- _Instructions for the task_
All that should be output is the block of lines below from the line with "2023 Lincoln Corsair Reserve" to the line with "2022 Chevrolet Traverse", both included, exactly as written.

- _Records excerpted from a collection_
-=-=-=-=-

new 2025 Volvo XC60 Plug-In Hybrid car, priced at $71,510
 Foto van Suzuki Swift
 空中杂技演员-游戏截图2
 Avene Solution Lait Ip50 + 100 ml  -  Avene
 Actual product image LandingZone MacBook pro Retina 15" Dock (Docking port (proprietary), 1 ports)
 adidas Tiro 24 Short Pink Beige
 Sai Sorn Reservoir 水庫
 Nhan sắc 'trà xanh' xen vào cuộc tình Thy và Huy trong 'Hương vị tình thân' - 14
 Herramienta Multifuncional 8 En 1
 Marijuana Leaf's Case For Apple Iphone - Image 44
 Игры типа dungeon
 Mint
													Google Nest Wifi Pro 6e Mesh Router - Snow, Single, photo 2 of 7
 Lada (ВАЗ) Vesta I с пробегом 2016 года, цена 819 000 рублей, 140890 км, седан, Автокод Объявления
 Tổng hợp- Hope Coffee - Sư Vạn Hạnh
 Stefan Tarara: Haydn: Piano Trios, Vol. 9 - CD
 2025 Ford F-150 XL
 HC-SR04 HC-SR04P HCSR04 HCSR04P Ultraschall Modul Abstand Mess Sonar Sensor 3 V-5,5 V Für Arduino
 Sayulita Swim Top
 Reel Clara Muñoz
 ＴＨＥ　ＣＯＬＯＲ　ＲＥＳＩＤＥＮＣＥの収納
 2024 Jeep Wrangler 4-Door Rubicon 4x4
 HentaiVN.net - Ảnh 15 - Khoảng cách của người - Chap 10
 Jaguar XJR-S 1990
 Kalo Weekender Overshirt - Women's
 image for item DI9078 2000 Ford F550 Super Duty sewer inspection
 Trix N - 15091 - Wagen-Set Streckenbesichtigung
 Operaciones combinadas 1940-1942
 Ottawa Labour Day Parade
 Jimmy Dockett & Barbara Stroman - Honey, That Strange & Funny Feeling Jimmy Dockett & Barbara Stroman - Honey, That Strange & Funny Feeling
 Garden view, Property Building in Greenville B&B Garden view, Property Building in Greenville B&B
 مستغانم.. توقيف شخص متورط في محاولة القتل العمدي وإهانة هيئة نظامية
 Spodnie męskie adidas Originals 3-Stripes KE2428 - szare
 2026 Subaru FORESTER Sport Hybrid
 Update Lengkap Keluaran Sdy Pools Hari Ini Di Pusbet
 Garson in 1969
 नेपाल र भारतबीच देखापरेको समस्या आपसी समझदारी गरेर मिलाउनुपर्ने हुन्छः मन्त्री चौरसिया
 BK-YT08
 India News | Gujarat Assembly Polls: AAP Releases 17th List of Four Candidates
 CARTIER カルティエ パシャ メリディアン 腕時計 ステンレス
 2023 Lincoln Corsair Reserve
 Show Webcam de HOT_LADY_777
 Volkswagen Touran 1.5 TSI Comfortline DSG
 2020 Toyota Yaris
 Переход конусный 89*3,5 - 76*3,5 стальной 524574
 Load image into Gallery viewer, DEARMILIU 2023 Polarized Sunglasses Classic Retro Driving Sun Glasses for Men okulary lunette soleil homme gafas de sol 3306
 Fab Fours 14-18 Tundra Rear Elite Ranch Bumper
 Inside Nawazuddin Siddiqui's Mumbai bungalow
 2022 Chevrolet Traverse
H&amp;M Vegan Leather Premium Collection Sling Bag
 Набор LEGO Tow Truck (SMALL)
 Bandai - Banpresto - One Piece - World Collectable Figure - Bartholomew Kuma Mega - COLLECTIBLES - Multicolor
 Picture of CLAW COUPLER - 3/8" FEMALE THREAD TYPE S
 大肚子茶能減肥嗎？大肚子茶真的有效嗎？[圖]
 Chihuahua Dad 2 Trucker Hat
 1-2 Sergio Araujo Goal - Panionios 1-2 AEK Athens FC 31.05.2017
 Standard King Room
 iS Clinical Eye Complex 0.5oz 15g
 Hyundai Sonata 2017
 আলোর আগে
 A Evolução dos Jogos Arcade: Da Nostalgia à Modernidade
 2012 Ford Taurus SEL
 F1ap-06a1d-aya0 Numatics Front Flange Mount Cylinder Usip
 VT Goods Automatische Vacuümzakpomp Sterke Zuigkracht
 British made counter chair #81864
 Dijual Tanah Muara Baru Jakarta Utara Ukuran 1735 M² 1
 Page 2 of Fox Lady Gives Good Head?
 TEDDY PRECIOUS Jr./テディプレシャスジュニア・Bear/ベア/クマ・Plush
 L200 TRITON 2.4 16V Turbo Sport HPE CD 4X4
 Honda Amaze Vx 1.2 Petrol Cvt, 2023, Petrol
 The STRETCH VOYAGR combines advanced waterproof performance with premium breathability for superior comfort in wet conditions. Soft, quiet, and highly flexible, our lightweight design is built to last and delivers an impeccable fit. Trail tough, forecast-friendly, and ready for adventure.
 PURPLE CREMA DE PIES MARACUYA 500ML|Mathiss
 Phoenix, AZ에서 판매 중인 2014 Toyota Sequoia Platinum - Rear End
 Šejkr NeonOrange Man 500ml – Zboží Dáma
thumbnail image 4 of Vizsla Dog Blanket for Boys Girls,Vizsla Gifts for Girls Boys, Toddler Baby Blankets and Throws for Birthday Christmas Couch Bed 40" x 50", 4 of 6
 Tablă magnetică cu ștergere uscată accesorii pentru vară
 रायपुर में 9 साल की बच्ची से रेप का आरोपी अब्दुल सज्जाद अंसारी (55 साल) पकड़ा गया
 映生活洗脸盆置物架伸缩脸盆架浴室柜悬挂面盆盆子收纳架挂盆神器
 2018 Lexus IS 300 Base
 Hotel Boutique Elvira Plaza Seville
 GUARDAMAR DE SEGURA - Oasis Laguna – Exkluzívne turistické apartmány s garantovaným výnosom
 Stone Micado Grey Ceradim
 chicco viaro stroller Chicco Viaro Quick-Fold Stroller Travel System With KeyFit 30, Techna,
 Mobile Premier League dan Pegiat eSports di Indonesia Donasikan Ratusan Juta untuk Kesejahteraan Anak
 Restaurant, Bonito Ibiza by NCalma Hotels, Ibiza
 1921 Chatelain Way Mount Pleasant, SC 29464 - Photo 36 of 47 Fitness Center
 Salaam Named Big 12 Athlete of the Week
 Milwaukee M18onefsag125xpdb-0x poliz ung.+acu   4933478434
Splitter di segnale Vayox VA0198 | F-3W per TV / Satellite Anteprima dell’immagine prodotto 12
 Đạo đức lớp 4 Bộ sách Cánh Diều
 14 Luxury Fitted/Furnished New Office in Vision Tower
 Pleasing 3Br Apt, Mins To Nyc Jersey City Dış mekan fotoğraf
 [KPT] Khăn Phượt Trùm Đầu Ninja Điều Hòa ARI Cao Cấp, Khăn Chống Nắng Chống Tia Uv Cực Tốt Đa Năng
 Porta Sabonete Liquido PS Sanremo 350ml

-=-=-=-=-

- _Response_
 2023 Lincoln Corsair Reserve
 Show Webcam de HOT_LADY_777
 Volkswagen Touran 1.5 TSI Comfortline DSG
 2020 Toyota Yaris
 Переход конусный 89*3,5 - 76*3,5 стальной 524574
 Load image into Gallery viewer, DEARMILIU 2023 Polarized Sunglasses Classic Retro Driving Sun Glasses for Men okulary lunette soleil homme gafas de sol 3306
 Fab Fours 14-18 Tundra Rear Elite Ranch Bumper
 Inside Nawazuddin Siddiqui's Mumbai bungalow
 2022 Chevrolet Traverse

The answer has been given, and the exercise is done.